Here are some important Cybersecurity Resolutions you should adhere to.

  1. I WILL USE STRONG, LONG, STEALTH PASSWORDS that are unique for each different website. A good password is one that uses a combination of upper and lower case letters, numbers and special characters. Don’t use the same password for different websites. Be creative and don’t use obvious things like your Mother’s Maiden name, your date of birth, street address, your pet’s names, etc. Your social media page will give any scammer clues of what you might use to create a password. So, don’t make it so easy for them to crack it.
  2. I WILL KEEP MY SOFTWARE UPDATED as soon as I am notified that an update is available. If you do so, in a timely manner, then you won’t have to worry about your devices getting compromised. Set your programs to perform updates automatically.
  3. I WILL BACK UP MY FILES REGULARLY. Backing up your files has become an essential security continuity practice. If you are a victim of Ransomware, a Malware infection or even Mother Nature, you’ll be glad you backed up your data to a separate hard drive or thumb drive. Always remove the backup device from your computer after doing the routine backup.
  4. I WILL USE 2 FACTOR AUTHENTICATION WHENEVER POSSIBLE. Also known as 2FAs, it adds a second layer of security onto your account access, by confirming that you are who you claim you are. It also protects you from those who unlawfully attempt to access your account. Not all businesses and online accounts offer this extra security, but take advantage of the companies that do.
  5. I WILL ONLY VISIT SITES THAT BEGIN WITH HTTPS. Not every website, even some popular ones, begin their web address with the more secure HTTPS. It is not safe to enter any of your personal information on a website that begins with HTTP instead of HTTPS. The “S” stands for secure. Security must go hand-in-hand with privacy. There are extensions that you can install to your browser that will only connect automatically to HTTPS versions of websites. For example, try installing “HTTPS Everywhere” on your google browser. It’s what I use.
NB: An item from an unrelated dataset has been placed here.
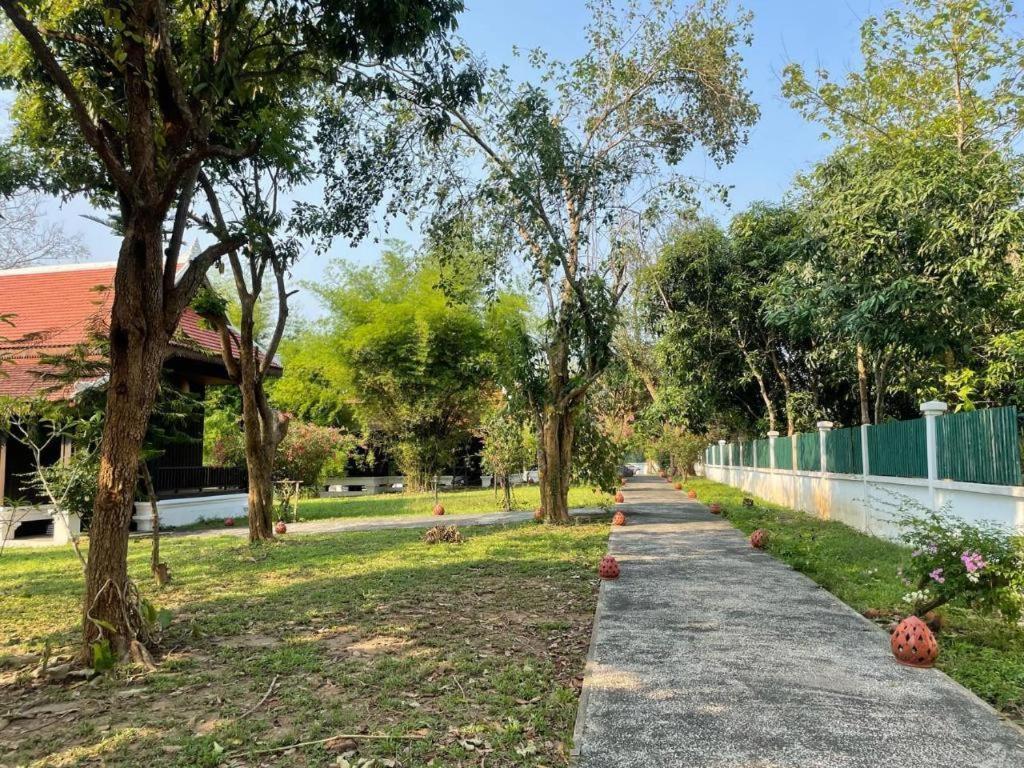 Nam Ou Riverside Resort Ban Vangle Exterior photo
  6. I WILL HANDLE MY EMAILS CAREFULLY. Repeat after me: I will never click on links or open up attachments in any email unless I am 150% sure that the email is legitimate. Emails are the easiest way a criminal can gain access to your system. Ask yourself, does the email seem fishy? Is the grammar and spelling correct? Does it sound too good to be true? OR does the email contain an urgent message that you must click on in order to solve a problem? These are all telltale signs of a phishing email. If you click on that link, or open that attachment, you will surely infect your computer. Hover your mouse over the sender’s email address and see if it appears legitimate. My advice is to go onto the business’ website by typing in the URL yourself rather than the provided link in the email. Don’t hesitate to call the business to verify that the email is legit. Most companies will never ask you for your personal information.  You’ve been warned!!!
  7. I WILL BE CAREFUL AND THINK BEFORE I POST. Privacy is dead. Whatever you post is open season for anyone who wants to exploit that information. Sharing details of a personal nature can be dangerous. Criminals can and will use your information against you. The information you so freely give away online, can be used to access your accounts or steal your identity. Tone down the stuff you post about yourself or people close to you.
  8. I WILL KEEP ABREAST OF THE LATEST CYBERSECURITY THREATS AND SCAMS. Knowledge is power! The more you know the more you’ll be able to protect yourself and your loved ones.
Cybersecurity Resolutions to help lprotect your data
Everyone is after your data! You must protect it.

So, there you have it.  If you follow these Cybersecurity Resolutions, you’ll be a whole lot safer from scammers, crooks and fraudsters in 2019.  Stay safe out there and Happy New Year to all.